• **Data records**:

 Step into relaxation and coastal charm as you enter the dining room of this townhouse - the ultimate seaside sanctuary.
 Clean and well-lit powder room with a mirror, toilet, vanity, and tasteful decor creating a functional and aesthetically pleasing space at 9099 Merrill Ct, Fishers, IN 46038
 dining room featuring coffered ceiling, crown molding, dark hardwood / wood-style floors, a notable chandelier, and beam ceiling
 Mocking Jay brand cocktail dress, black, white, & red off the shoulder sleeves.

--

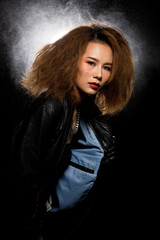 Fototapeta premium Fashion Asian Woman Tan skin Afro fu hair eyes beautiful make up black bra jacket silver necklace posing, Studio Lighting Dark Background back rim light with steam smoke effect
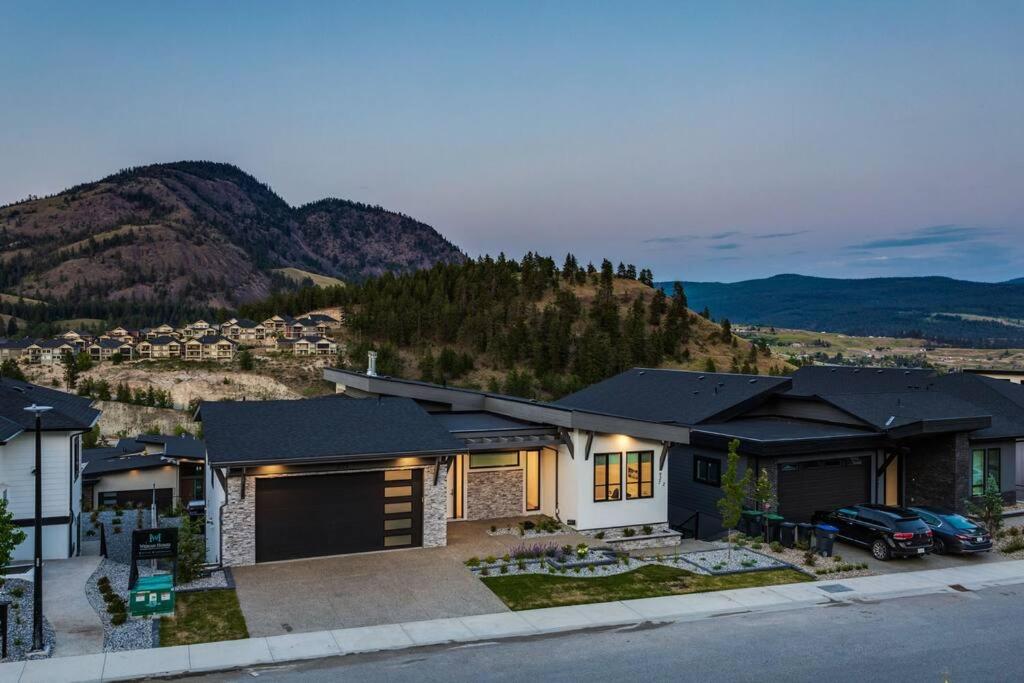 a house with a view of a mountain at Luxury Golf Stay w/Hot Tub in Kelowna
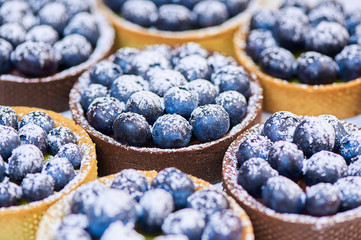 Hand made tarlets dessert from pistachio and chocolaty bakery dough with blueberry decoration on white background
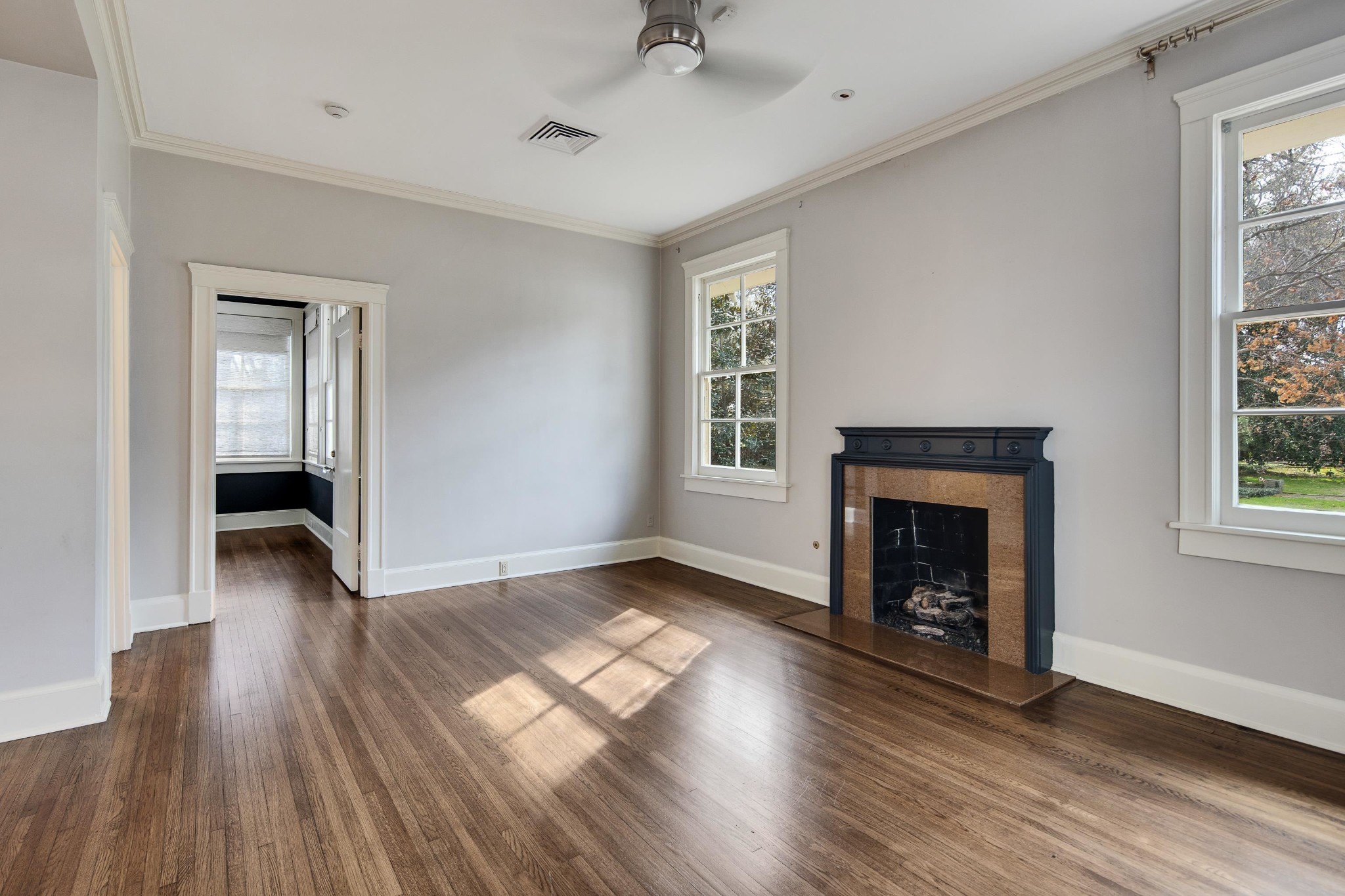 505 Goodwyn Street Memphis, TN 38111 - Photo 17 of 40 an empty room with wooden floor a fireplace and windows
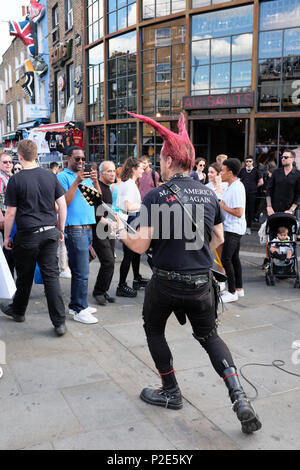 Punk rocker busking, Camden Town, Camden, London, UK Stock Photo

• **Work item**: Starting at the line above that holds "Fototapeta premium Fashion", return each line up to and including the one that holds "Punk rocker busking, Camden", exactly as written, minus any pictures.

• **Task solution**:
 Fototapeta premium Fashion Asian Woman Tan skin Afro fu hair eyes beautiful make up black bra jacket silver necklace posing, Studio Lighting Dark Background back rim light with steam smoke effect
 a house with a view of a mountain at Luxury Golf Stay w/Hot Tub in Kelowna
 Hand made tarlets dessert from pistachio and chocolaty bakery dough with blueberry decoration on white background
 505 Goodwyn Street Memphis, TN 38111 - Photo 17 of 40 an empty room with wooden floor a fireplace and windows
 Punk rocker busking, Camden Town, Camden, London, UK Stock Photo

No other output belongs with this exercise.